Shultz Andrew, Vincze Anna, Yau Todd T, Poirier Emma L, Rauch Jennifer N
Department of Biochemistry and Molecular Biology, University of Massachusetts, Amherst, Amherst, MA, USA.
Molecular and Cellular Biology Graduate Program, University of Massachusetts, Amherst, Amherst, MA, USA.
bioRxiv. 2025 Jun 25:2025.06.23.661190. doi: 10.1101/2025.06.23.661190.

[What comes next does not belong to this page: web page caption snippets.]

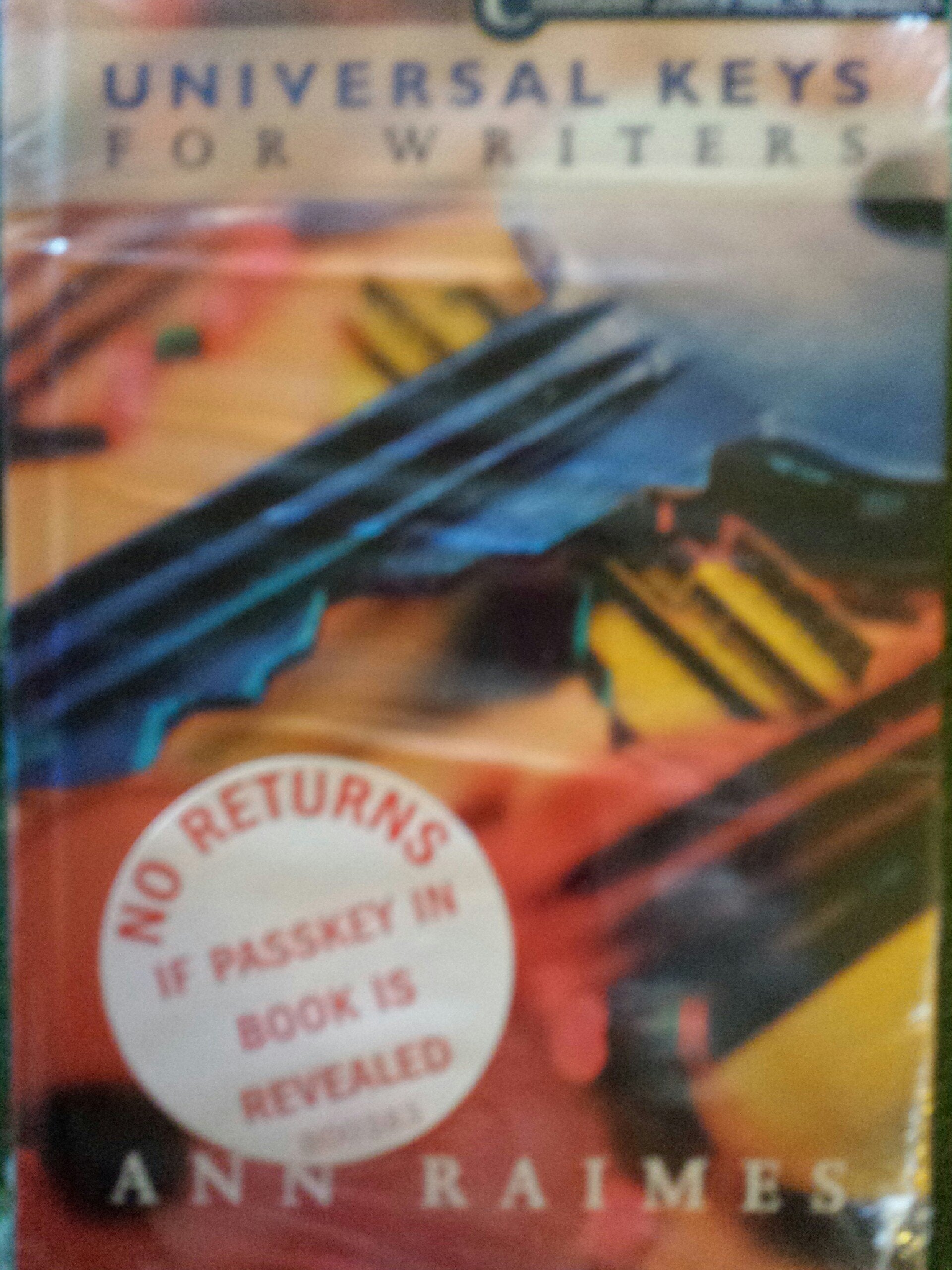 Media Guide: contains 2003 MLA updates (to accompany Ann Raimes's Universal Keys and Keys for Writers, Third Edition) Books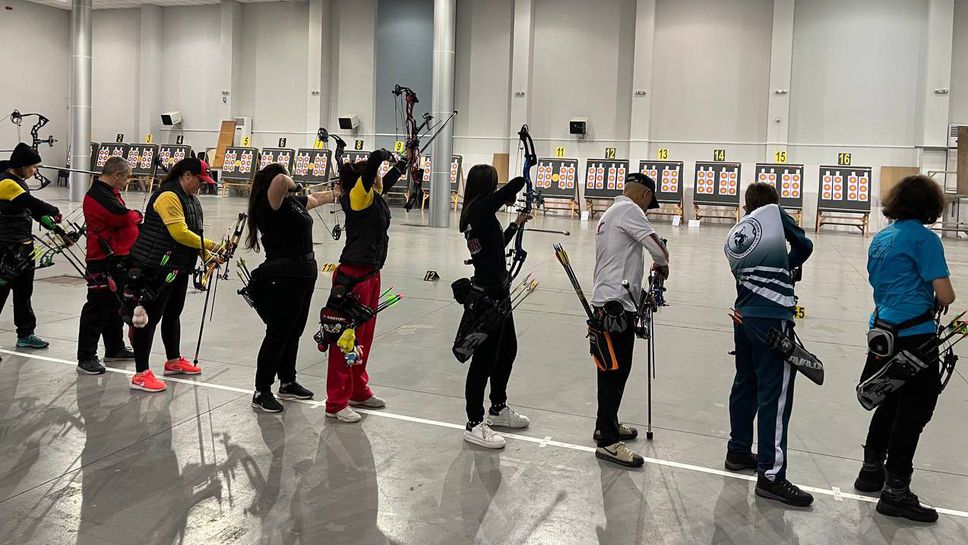 Пловдив бе домакин на най-мащабното състезание по стрелба с лък у нас тази година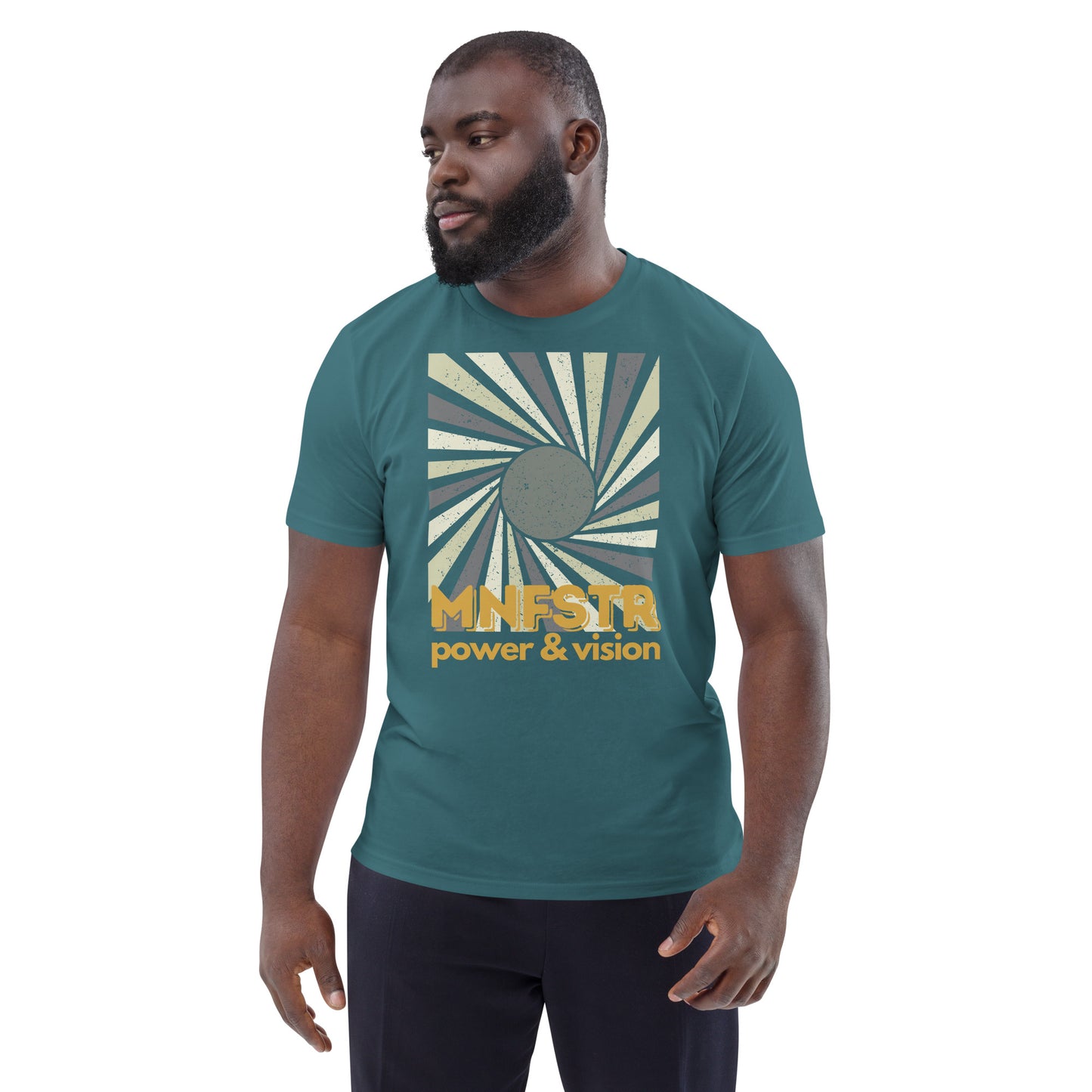 DNY - Manifestor Power & Vision Unisex organic cotton Tee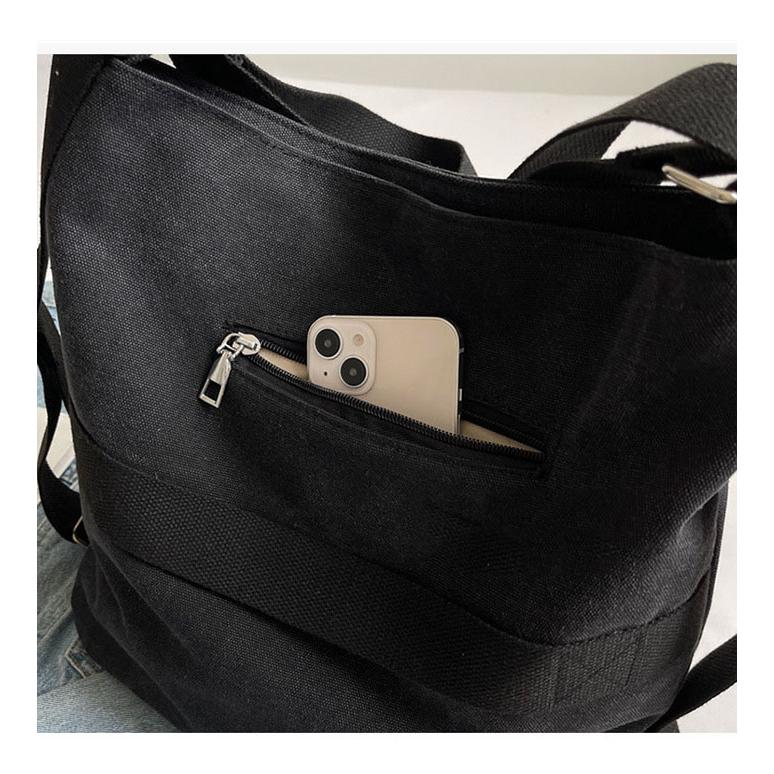 ショルダーバッグ レディース リュック 3way バッグ 斜めがけ 肩掛けバッグ2wayキャンバス 通学バッグ 帆布 |  | 16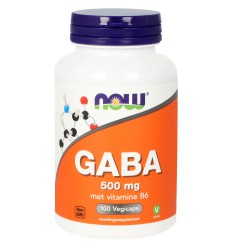 NOW GABA 500 mg 100 vcaps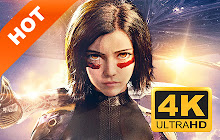 Alita: Battle Angels New Tab Movies HD Themes small promo image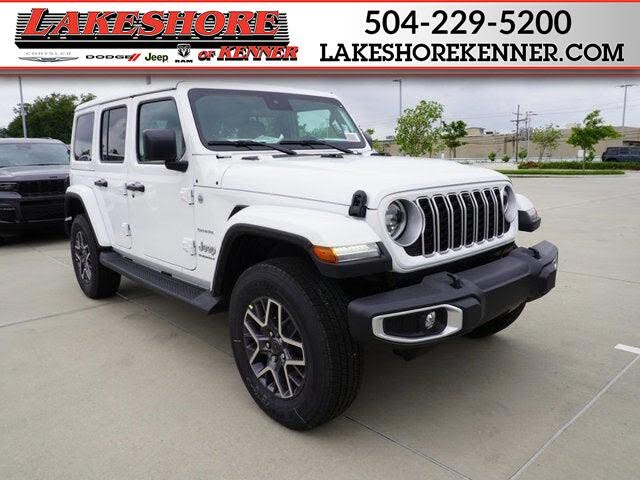 2024 Jeep Wrangler Sahara 4-Door 4WD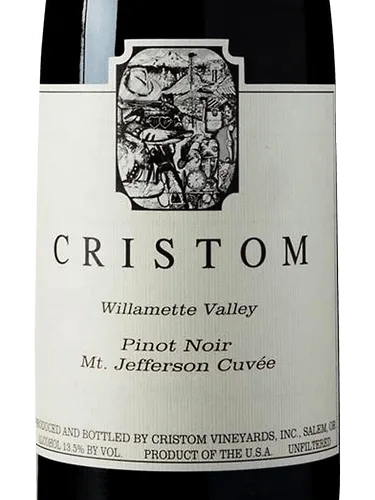 Mt. Jefferson Cuvée Pinot Noir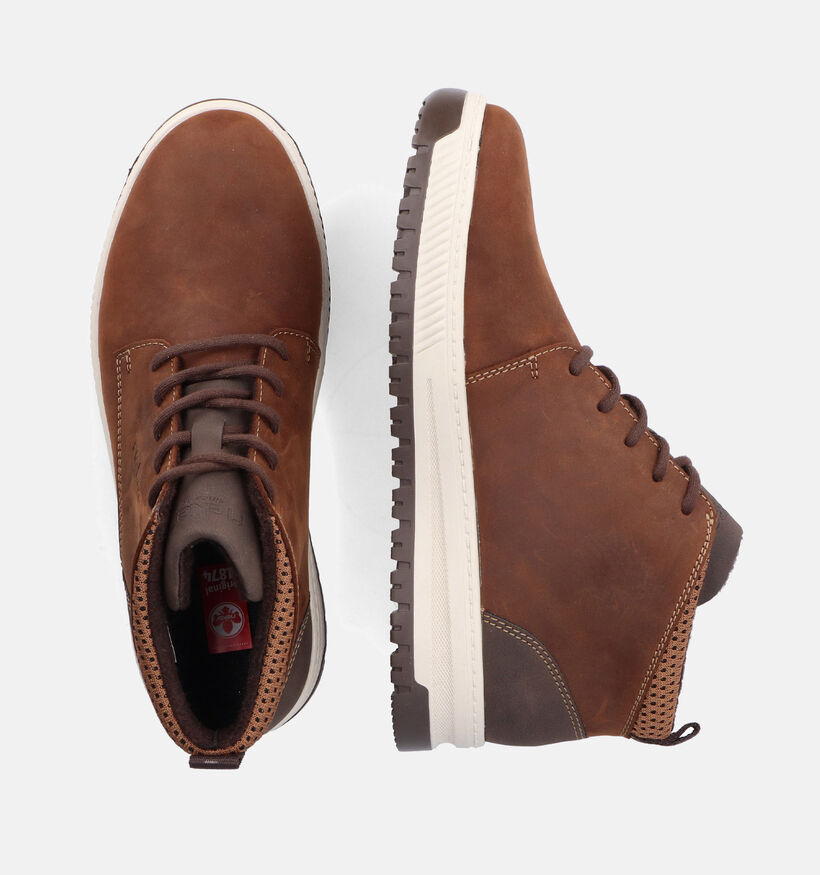 Rieker Chaussures hautes en Marron pour hommes (347446)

Microglia are the tissue resident macrophages of the brain and their contribution to tau pathology progression remains to be fully understood. In this study, we developed a quantitative platform to elucidate the endo-lysosomal regulation of tau within human induced pluripotent stem cell (iPSC)-derived microglia. We show that iPSC-derived microglia internalize monomeric and fibrillar tau through different cellular mechanisms and with different degradation kinetics. Acute inflammatory activation of microglia alters tau endocytosis, but surprisingly does not impact lysosomal clearance. These results highlight the importance of the microglial endo-lysosome system as a regulator of tau pathology that is decoupled from acute microglial activation.
小胶质细胞是脑内组织驻留巨噬细胞,它们对tau蛋白病理进展的作用仍有待充分了解。在本研究中,我们开发了一个定量平台,以阐明人诱导多能干细胞(iPSC)衍生的小胶质细胞内tau蛋白的内吞溶酶体调节机制。我们发现,iPSC衍生的小胶质细胞通过不同的细胞机制、以不同的降解动力学内化单体和纤维状tau蛋白。小胶质细胞的急性炎症激活会改变tau蛋白的内吞作用,但令人惊讶的是,并不影响溶酶体清除。这些结果凸显了小胶质细胞内吞溶酶体系统作为tau蛋白病理调节因子的重要性,该调节与小胶质细胞的急性激活无关。